Gross margin, or the percentage of sales remaining after deducting the cost of production, was 64.5 percent.
Intel’s improving profitability, even while the PC market continues to shrink, shows the strength of its manufacturing and the lack of competitors, said Michael Shinnick, a fund manager at Wasatch Advisors Inc. in South Bend, Indiana.
“It’s stunning,” Shinnick said. Wasatch has $19 billion under management including Intel shares. “But I don’t want to get too euphoric. They still have this issue on mobile, which I am more concerned about than PCs.”
On June 12, Intel raised its second-quarter sales forecast, saying demand was better than it had originally projected.
“What we saw was a continuation of strength in the corporate segment, both in the client and the data center,” Intel Chief Financial Officer Stacy Smith said yesterday in a telephone interview. “Mature markets are relatively strong compared to the emerging markets.”
Last week, researcher IDC said second-quarter worldwide PC unit sales fell 1.7 percent, the smallest quarterly drop in two years, as demand in the U.S., Europe and Canada helped make up for declines in Asia. IDC had predicted a decline of 7.1 percent.
Shipments have improved in the U.S., where unit sales rose 6.9 percent, and other developed markets as companies replaced aging machinery running Microsoft Corp.’s Windows XP operating system, which the software maker no longer supports, IDC said.
Second-quarter sales in Intel’s PC processor unit rose 6.2 percent from a year earlier to $8.67 billion, while revenue in the data-center group, which supplies server chips, jumped 19 percent to $3.51 billion.
Intel has struggled to replicate its dominance in PC processors, where it has about 80 percent market share, in the market for phone and tablet chips, where it’s up against companies such as Qualcomm Inc. (QCOM:US) The older chipmaker has successfully held off competition in server computers, which supply mobile devices with data. Intel has more than 90 percent of the market for servers that use PC processors, and its only rival, Advanced Micro Devices Inc. (AMD:US), has lost orders.

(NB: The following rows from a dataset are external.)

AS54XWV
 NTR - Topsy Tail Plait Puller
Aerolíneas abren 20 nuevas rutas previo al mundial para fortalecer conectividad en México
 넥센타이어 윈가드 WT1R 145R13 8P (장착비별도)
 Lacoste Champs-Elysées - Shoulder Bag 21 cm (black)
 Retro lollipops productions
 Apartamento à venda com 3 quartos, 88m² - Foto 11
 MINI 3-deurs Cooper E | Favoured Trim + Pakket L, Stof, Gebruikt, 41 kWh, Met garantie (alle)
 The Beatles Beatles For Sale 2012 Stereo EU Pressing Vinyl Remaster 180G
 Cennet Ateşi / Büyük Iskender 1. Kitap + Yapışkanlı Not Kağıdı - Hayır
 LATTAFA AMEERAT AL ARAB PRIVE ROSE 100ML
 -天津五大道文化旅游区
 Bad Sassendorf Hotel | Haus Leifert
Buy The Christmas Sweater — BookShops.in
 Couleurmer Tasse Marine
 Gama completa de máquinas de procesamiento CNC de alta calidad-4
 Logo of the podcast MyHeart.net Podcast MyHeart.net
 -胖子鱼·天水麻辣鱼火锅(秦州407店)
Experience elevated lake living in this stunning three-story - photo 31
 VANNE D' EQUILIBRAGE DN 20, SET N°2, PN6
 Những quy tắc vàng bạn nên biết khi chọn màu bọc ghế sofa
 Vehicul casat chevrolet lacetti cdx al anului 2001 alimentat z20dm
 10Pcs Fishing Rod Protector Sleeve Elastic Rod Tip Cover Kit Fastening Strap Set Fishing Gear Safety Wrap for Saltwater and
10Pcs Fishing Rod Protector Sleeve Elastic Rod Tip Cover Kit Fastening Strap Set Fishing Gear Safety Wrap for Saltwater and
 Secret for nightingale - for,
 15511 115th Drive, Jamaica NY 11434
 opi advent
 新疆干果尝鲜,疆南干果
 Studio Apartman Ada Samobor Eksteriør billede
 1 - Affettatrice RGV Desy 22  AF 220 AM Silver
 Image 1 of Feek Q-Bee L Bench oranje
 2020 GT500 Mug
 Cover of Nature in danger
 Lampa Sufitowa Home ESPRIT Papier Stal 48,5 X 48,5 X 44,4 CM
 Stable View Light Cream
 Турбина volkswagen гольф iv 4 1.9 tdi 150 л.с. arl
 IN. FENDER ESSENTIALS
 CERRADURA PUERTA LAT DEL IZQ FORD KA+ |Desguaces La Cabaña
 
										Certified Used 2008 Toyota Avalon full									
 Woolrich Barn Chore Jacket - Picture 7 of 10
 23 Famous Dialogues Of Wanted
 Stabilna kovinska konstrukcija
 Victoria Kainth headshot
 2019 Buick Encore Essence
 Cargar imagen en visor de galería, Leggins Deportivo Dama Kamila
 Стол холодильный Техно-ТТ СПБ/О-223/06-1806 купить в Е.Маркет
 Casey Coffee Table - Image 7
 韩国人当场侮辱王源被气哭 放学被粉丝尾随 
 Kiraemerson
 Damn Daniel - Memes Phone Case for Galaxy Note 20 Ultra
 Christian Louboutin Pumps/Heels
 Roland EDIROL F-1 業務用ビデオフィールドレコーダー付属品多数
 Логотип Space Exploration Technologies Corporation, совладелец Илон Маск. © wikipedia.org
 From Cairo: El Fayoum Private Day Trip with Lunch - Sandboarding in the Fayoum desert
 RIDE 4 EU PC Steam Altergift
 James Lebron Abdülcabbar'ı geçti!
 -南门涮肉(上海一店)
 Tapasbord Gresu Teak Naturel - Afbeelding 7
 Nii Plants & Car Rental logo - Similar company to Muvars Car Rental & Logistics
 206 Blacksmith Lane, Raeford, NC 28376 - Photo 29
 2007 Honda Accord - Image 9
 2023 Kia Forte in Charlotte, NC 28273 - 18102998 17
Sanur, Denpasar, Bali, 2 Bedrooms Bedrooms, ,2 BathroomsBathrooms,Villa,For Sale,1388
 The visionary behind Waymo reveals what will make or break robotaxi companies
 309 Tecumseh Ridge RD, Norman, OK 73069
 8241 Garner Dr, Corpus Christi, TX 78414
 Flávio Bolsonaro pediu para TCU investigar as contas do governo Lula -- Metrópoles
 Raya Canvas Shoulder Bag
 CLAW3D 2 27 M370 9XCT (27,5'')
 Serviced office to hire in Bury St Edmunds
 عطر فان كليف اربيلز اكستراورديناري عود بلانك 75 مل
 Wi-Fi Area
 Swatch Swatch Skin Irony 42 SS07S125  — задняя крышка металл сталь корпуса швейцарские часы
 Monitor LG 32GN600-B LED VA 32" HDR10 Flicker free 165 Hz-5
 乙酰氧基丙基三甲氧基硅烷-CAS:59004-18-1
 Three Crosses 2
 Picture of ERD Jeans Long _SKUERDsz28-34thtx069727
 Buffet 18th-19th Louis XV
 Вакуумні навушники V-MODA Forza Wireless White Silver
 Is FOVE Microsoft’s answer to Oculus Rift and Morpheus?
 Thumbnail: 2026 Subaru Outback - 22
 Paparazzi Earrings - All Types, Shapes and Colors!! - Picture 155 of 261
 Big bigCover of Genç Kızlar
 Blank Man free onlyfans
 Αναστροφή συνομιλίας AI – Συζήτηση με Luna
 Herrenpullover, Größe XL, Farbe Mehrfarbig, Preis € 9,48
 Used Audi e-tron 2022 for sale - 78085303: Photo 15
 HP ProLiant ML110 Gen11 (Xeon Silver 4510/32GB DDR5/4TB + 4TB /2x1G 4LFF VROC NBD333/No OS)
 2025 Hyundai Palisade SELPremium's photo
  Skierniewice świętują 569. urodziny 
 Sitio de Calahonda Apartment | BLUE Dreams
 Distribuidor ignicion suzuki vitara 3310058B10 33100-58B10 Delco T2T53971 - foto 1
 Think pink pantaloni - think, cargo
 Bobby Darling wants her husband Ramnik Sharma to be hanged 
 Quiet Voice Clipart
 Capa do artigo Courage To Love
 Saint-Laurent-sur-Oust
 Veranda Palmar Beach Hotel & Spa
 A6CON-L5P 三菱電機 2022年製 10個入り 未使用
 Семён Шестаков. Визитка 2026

“We’re benefiting at the other end of the spectrum from the build-out of the cloud and all of these devices,” Smith said yesterday. “We saw great growth in the data center.”
ASML Holding NV (ASML), Europe’s largest semiconductor-equipment supplier, today predicted full-year sales that would trail analysts’ estimates as makers of chips that process device functions reconsider how fast to increase capacity and deliveries of its newest product are postponed.
Sales in Intel’s mobile and communications division fell 83 percent to $51 million in the second quarter, and the unit’s operating loss widened to $1.12 billion. That followed an operating loss of $929 million in the first quarter.
The unit will continue to be a drain on Intel’s finances through next year, Smith said. The company is providing subsidies to persuade customers to use its chips in tablets, where it’s aiming for 40 million units shipped this year. Intel shipped 10 million units in the second quarter, double from the first three months of the year.
Intel will persevere in mobile, even though it’s losing money, because modems -- the chips that connect devices to mobile networks -- are going to become increasingly important parts of all types of computers, Smith said.
The company’s long-term evolution, or LTE, modems have taken longer than predicted to become qualified on cellular networks, Intel said.
“The market just needs to see them make some early strides,” said Suji De Silva, an analyst at Topeka Capital Markets, who recommends buying Intel shares.